▶ _Record excerpts_

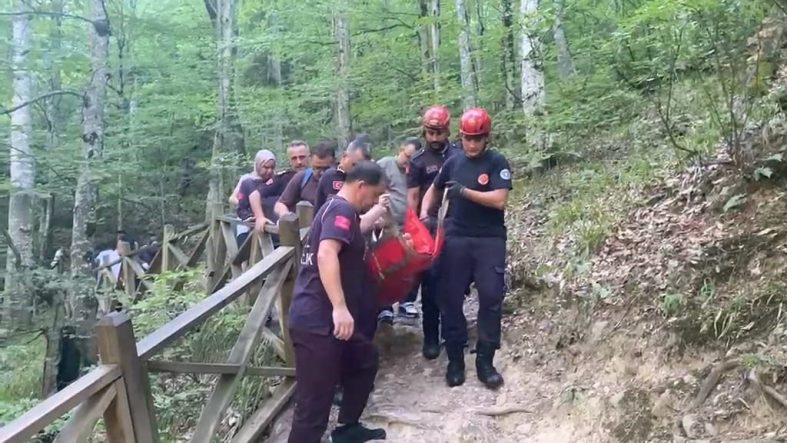 Oylat Şelalesi’nde düşen kadın, ekiplerin zorlu çalışmasıyla kurtarıldı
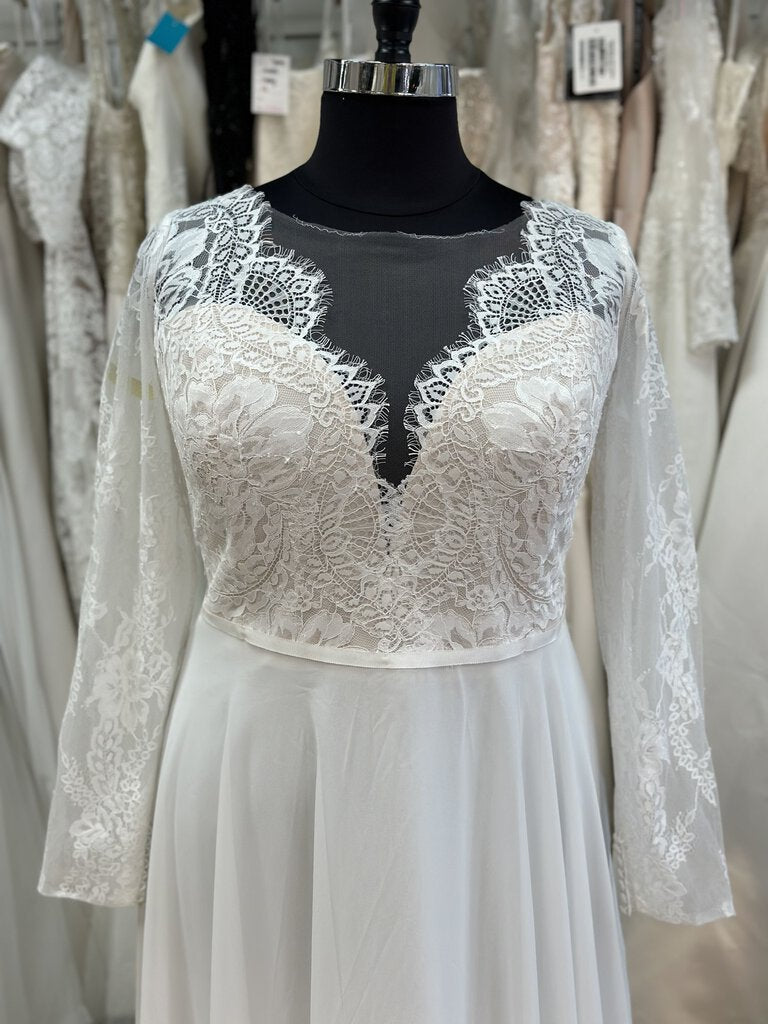 DB Studio Long Sleeve Lace Plunge Bridal Gown 24W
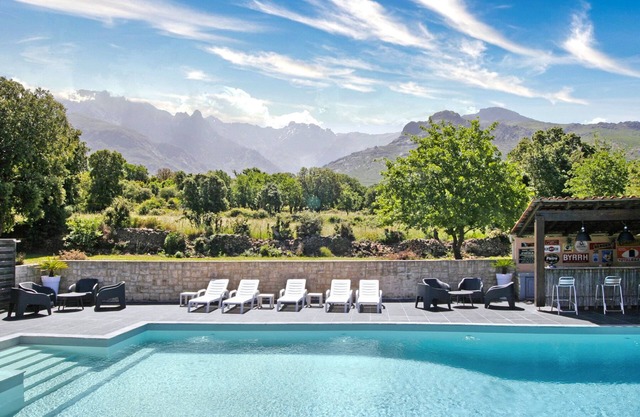 T3 CLEMENTINU in a Corsican villa, any comfort, in peace, with swimming pool.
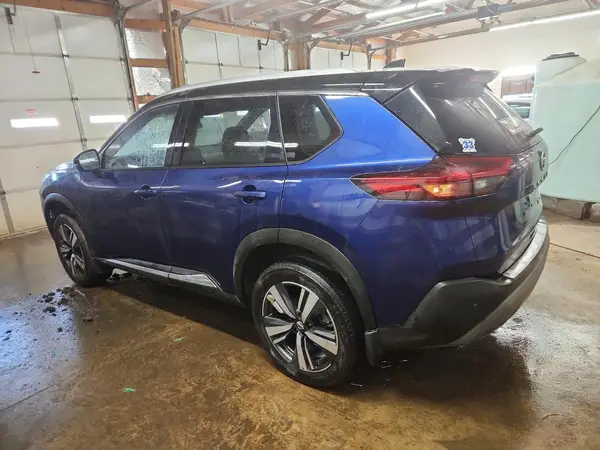 JN8AT3CB4MW217763 2021 NISSAN ROGUE - Image 2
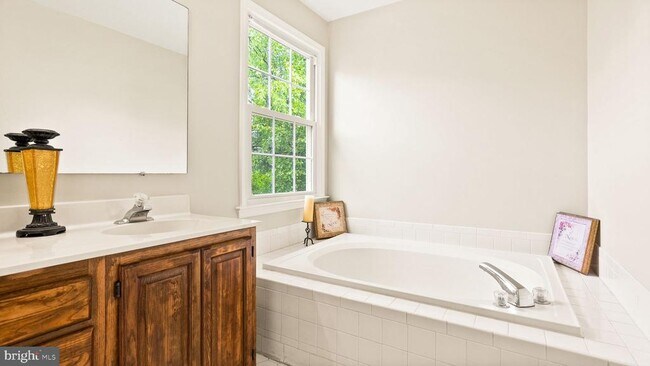 Building Photo - 12810 Mill Meadow Ct
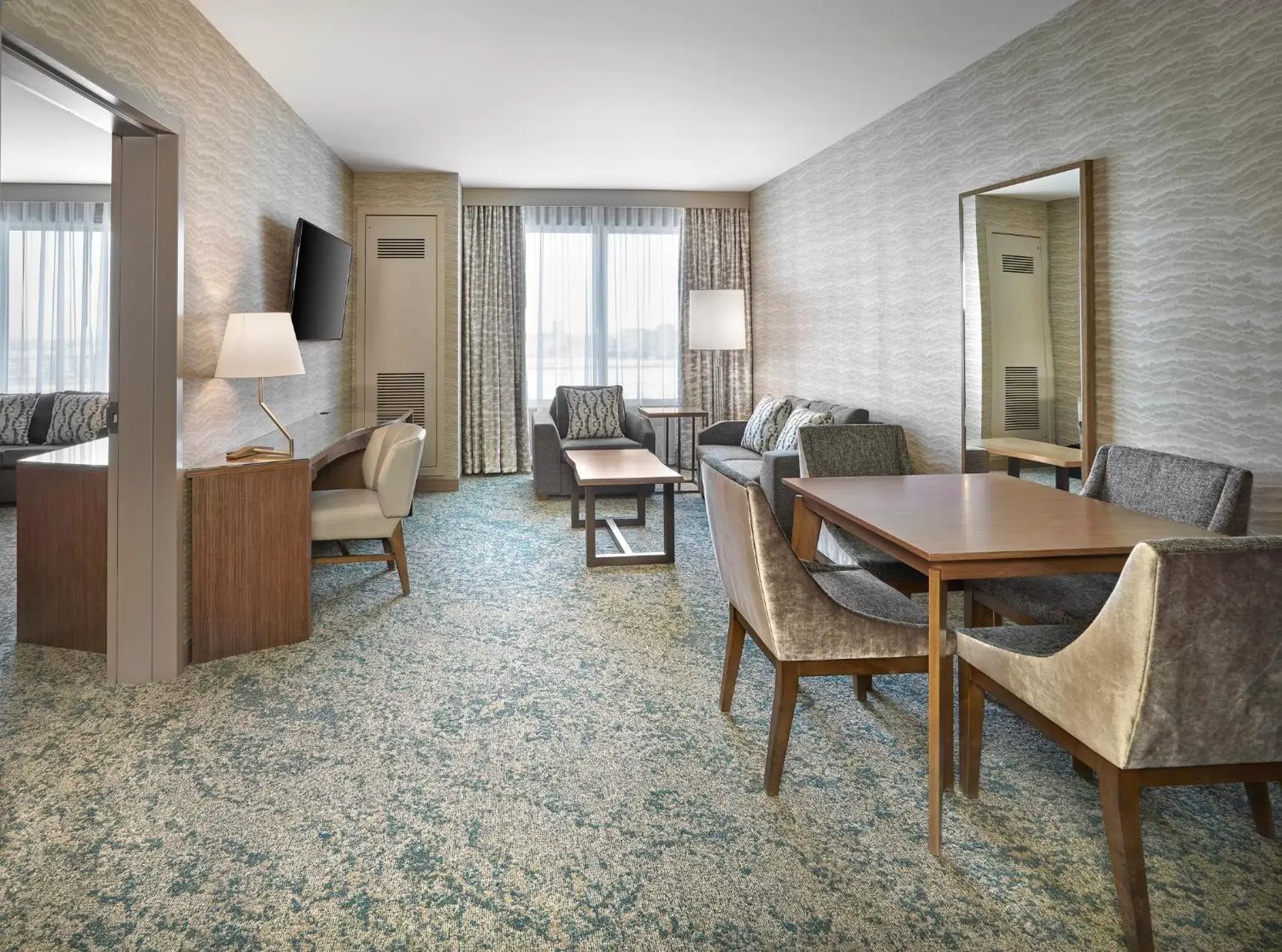 Living room, Seating Area in The Westin Calgary Airport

▶ _Problem statement_
All of the records should be set down exactly, minus the pictures they hold.

▶ _Exercise answer_
 Oylat Şelalesi’nde düşen kadın, ekiplerin zorlu çalışmasıyla kurtarıldı
 DB Studio Long Sleeve Lace Plunge Bridal Gown 24W
 T3 CLEMENTINU in a Corsican villa, any comfort, in peace, with swimming pool.
 JN8AT3CB4MW217763 2021 NISSAN ROGUE - Image 2
 Building Photo - 12810 Mill Meadow Ct
 Living room, Seating Area in The Westin Calgary Airport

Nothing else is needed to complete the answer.